The Xbox One was only released in November of 2013, selling one million units within its first 24 hours and hitting 2 million units a little more than two weeks later. However, the numbers get fuzzy after that.
The last sales estimate puts the Xbox One somewhere around 20 million units, which may seem impressive, until it's compared to Sony's (NYSE:SNE) Playstation 4. The PS4, which was launched in November of 2013 as well, has sold more than 40 million units, and saw its last 10 million units sold over the last six months (as of May 26th).
That's darn impressive, and even more so that the company went from sales of 30 million to 40 million faster than it went from 20 million to 30 million. It shows that traction is strong and gamers remain attracted to the console.
More so, the console costs more than the Xbox as well.
So it only makes sense that Microsoft unveiled a new Xbox One S in order to spruce up sales. While I wouldn't say the Xbox is necessarily struggling, it's certainly not crushing its competitors - but perhaps that will change with a new and improved console.

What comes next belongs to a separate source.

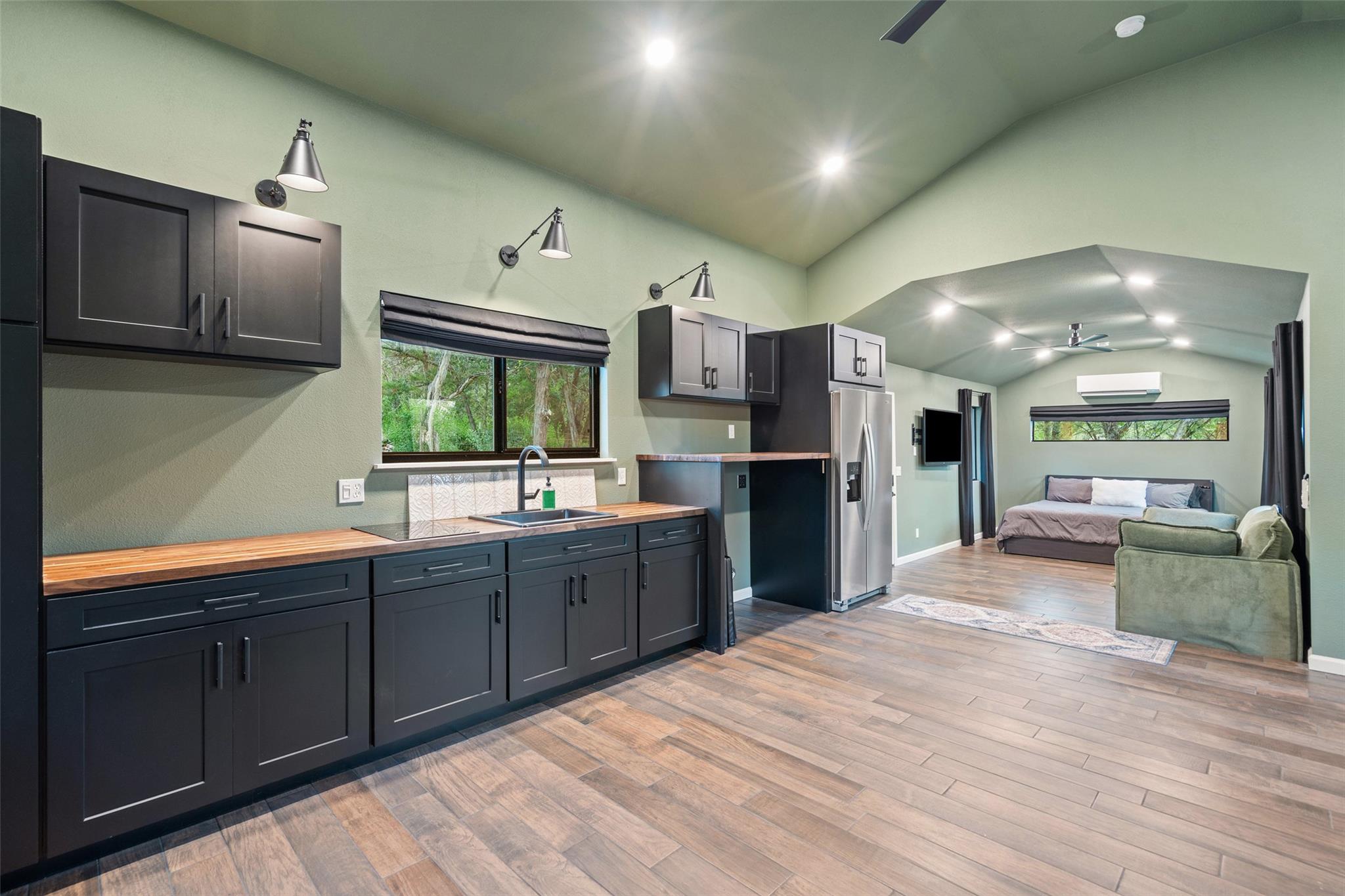 388 Survista Ln, New Braunfels, TX 78132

*Drats! I knew I should have waited.
E-Trade Buys OptionsHouse
Perhaps this would fall under "Eye on Financials," but given that a lot of it's based on technology-powered brokerage apps, I decided to include E-Trade's (NASDAQ:ETFC) all-cash acquisition of OptionsHouse for $725 million in our column as well.
OptionsHouse has become known for trading - you guessed it - options. While E-Trade is a much larger brokerage platform boasting a market cap of $7.2 billion and offering banking, advice, trading and other products, it's assumed that the company is looking to bolster its portfolio of options and derivative products.
OptionsHouse was originally founded in 2006 by PEAK6, before merging with TradeMonster in 2015 and ultimately being acquired by General Atlantic, a private-equity firm.
The deal is expected to have an "about neutral" impact to earnings in 2017 and be accretive in the following year. The deal should close later this year, sometime in the fourth quarter.